INFORMATION SUPPLIED:
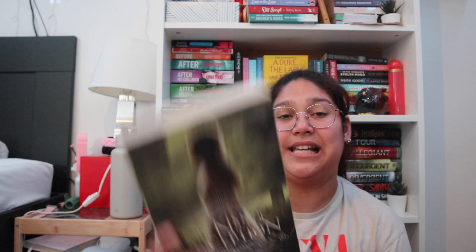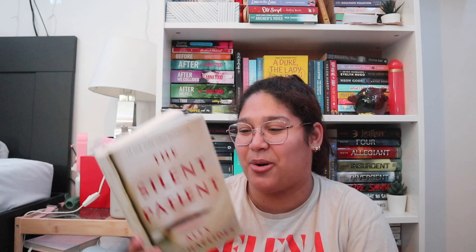The first additional find is The Kiss of Deception — it's book one in a series by Mary E. Pearson. It's fantasy. Then I found a Colleen Hoover novella called Finding Perfect. I don't know what it's about but it was three dollars. Then I found a super popular thriller — The Silent Patient by Alex Michaelides. Sorry if I'm saying that wrong. It's in really good condition, as are all three of these extra books, which I'm really happy about.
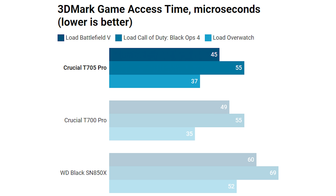The next test is the 3DMark game access time — this is basically when you're accessing files, opening and closing folders. A lower result is better because it's the access time in microseconds. The Crucial T705 Pro performs pretty well and has an advantage over the Crucial T700 Pro in both Battlefield 5 and Call of Duty Black Ops 4, though in Overwatch it was slightly slower than the T700 Pro. At the bottom of the graph, the WD Black SN850X is significantly slower at the access time test than the Crucial T705 Pro.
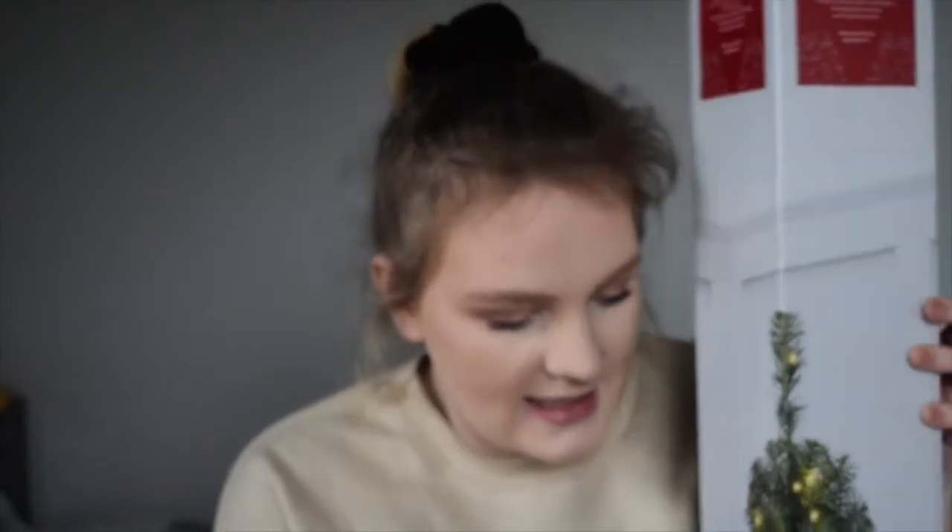I actually bought a little Christmas tree today from Asda and it's a small one and it looks so cute. But when I bought it I didn't realise it had these lights already built in, and I put some lights as well, which I'm a bit annoyed about, but it's okay because I can put my lights somewhere else. Anyway, let's get on with the video.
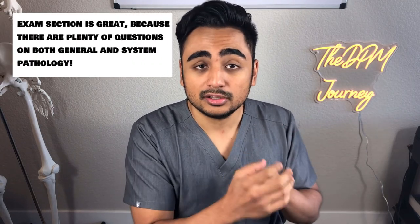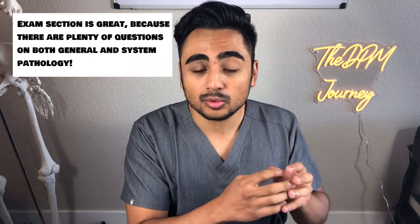WebPath also has an examination section on their website that you can tailor to either general pathology or specific organ system pathology. Their questions are difficult, but they really prepare you and have good explanations. I would definitely recommend you take a look at that website.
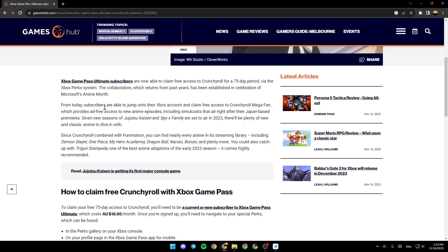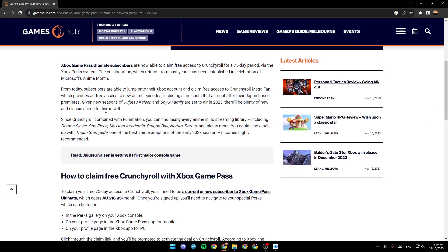From today, subscribers are able to jump onto their Xbox account and claim free access to Crunchyroll Megafan, which provides free access to new anime episodes, including simulcasts that air right after their Japan-based premieres. Given new seasons of Jujutsu Kaisen and Spy X Family are set for 2023, there'll be plenty of new and classic anime to dive into.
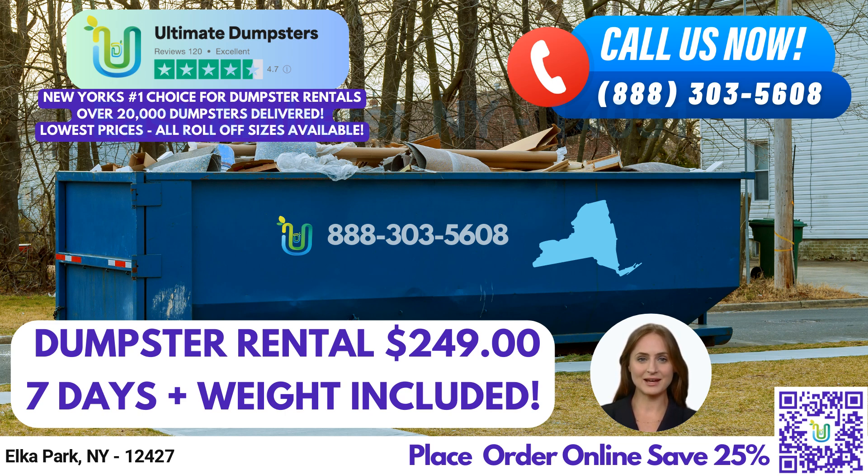Let's talk about the different sizes of our dumpsters and what they're used for. Our 10-yard dumpster measures 12 feet long, 8 feet wide, and 3.5 feet tall. It's perfect for small-scale residential or commercial projects, such as basement or garage cleanouts, yard waste removal, and small business waste disposal.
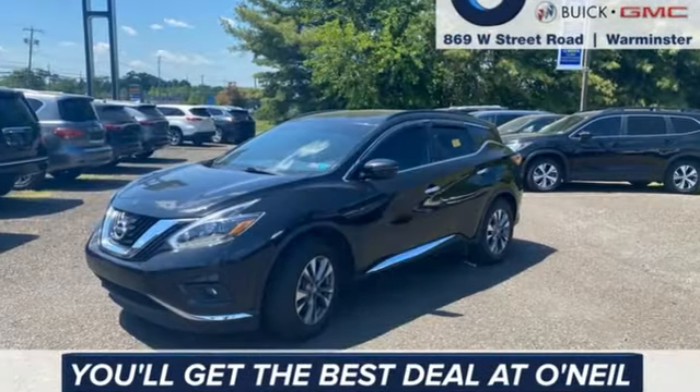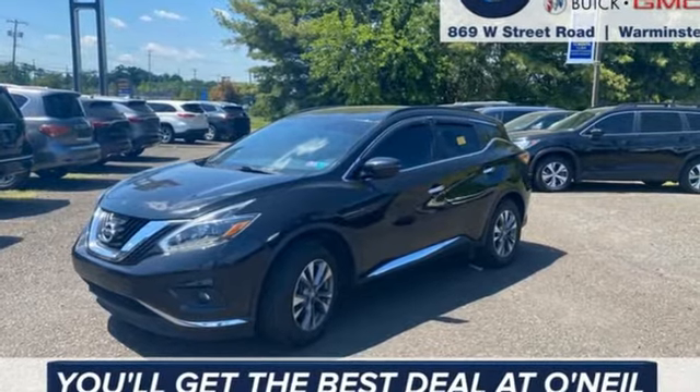Someone is going to drive this fantastic vehicle off the lot. It should be you. Test drive it today.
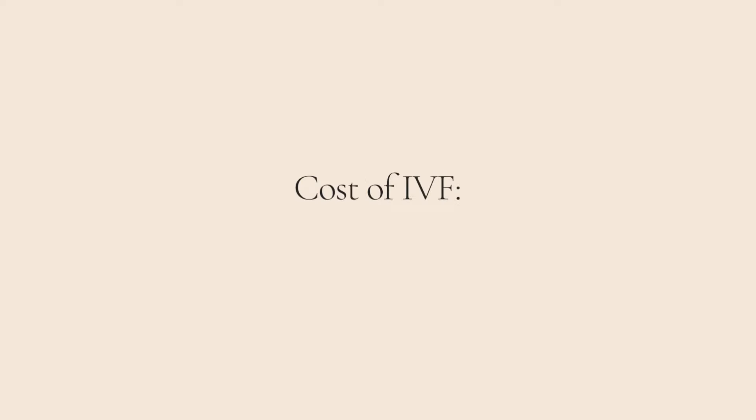I'm Dr. Laura Shaheen. Welcome to my YouTube channel. Today, we're going to talk about the cost of IVF, tips and resources to get the coverage that you need.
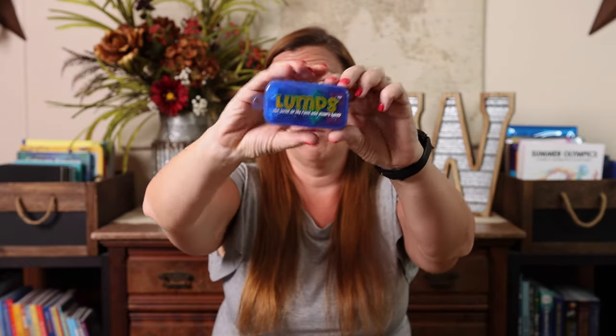Next up we have dice games. The smallest and most convenient, in my opinion, is Lumps. It's literally the size of a pack of gum, so it really can go anywhere with you. You do need to keep score — pen and paper, phone notes app, napkin, all of those will do. It's one of my favorites because it is so small and so easy to play. Anybody can pick it up.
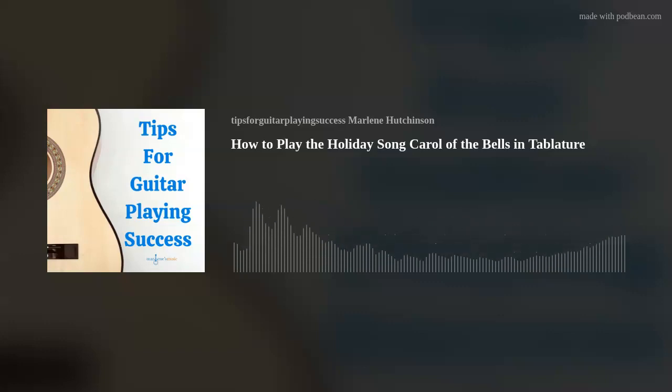And then you'll be ready to ring in the holiday season. I hope this episode's tip has helped you to continue expanding your guitar playing skills and knowledge. If you'd like to learn more, please check out the many learning resources available at marlenesmusic.com. Thank you for joining today's podcast. And as I like to say, play on.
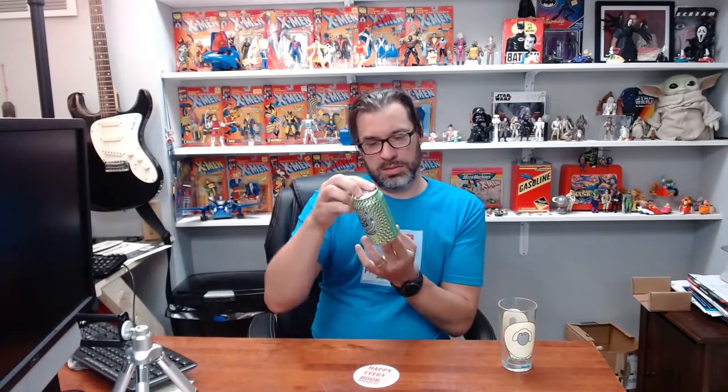Hello, welcome back to Happy Beer Hour. This week there are two fronts — Brooklyn Special Effects IPA. This is Brooklyn Brewing, they are out of Brooklyn — I know, crazy right.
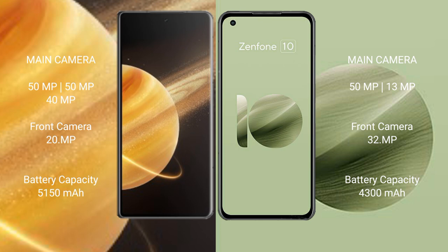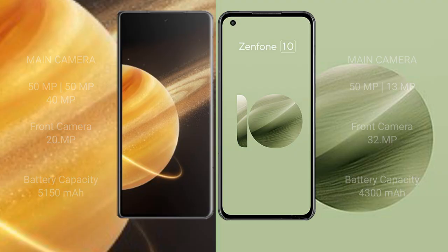The Honor Magic V3 has a 5150mAh battery with 66W fast charging support. The Asus Zenfone 10 has a 4300mAh battery with 30W fast charging support.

YOUR ASSIGNMENT:
The whole listing above must be returned exactly as written, with no pictures carried over.

RESPONSE FOR THIS EXERCISE:
The first additional find is The Kiss of Deception — it's book one in a series by Mary E. Pearson. It's fantasy. Then I found a Colleen Hoover novella called Finding Perfect. I don't know what it's about but it was three dollars. Then I found a super popular thriller — The Silent Patient by Alex Michaelides. Sorry if I'm saying that wrong. It's in really good condition, as are all three of these extra books, which I'm really happy about.
The next test is the 3DMark game access time — this is basically when you're accessing files, opening and closing folders. A lower result is better because it's the access time in microseconds. The Crucial T705 Pro performs pretty well and has an advantage over the Crucial T700 Pro in both Battlefield 5 and Call of Duty Black Ops 4, though in Overwatch it was slightly slower than the T700 Pro. At the bottom of the graph, the WD Black SN850X is significantly slower at the access time test than the Crucial T705 Pro.
I actually bought a little Christmas tree today from Asda and it's a small one and it looks so cute. But when I bought it I didn't realise it had these lights already built in, and I put some lights as well, which I'm a bit annoyed about, but it's okay because I can put my lights somewhere else. Anyway, let's get on with the video.
WebPath also has an examination section on their website that you can tailor to either general pathology or specific organ system pathology. Their questions are difficult, but they really prepare you and have good explanations. I would definitely recommend you take a look at that website.
From today, subscribers are able to jump onto their Xbox account and claim free access to Crunchyroll Megafan, which provides free access to new anime episodes, including simulcasts that air right after their Japan-based premieres. Given new seasons of Jujutsu Kaisen and Spy X Family are set for 2023, there'll be plenty of new and classic anime to dive into.
Let's talk about the different sizes of our dumpsters and what they're used for. Our 10-yard dumpster measures 12 feet long, 8 feet wide, and 3.5 feet tall. It's perfect for small-scale residential or commercial projects, such as basement or garage cleanouts, yard waste removal, and small business waste disposal.
Someone is going to drive this fantastic vehicle off the lot. It should be you. Test drive it today.
I'm Dr. Laura Shaheen. Welcome to my YouTube channel. Today, we're going to talk about the cost of IVF, tips and resources to get the coverage that you need.
Next up we have dice games. The smallest and most convenient, in my opinion, is Lumps. It's literally the size of a pack of gum, so it really can go anywhere with you. You do need to keep score — pen and paper, phone notes app, napkin, all of those will do. It's one of my favorites because it is so small and so easy to play. Anybody can pick it up.
And then you'll be ready to ring in the holiday season. I hope this episode's tip has helped you to continue expanding your guitar playing skills and knowledge. If you'd like to learn more, please check out the many learning resources available at marlenesmusic.com. Thank you for joining today's podcast. And as I like to say, play on.
Hello, welcome back to Happy Beer Hour. This week there are two fronts — Brooklyn Special Effects IPA. This is Brooklyn Brewing, they are out of Brooklyn — I know, crazy right.
The Honor Magic V3 has a 5150mAh battery with 66W fast charging support. The Asus Zenfone 10 has a 4300mAh battery with 30W fast charging support.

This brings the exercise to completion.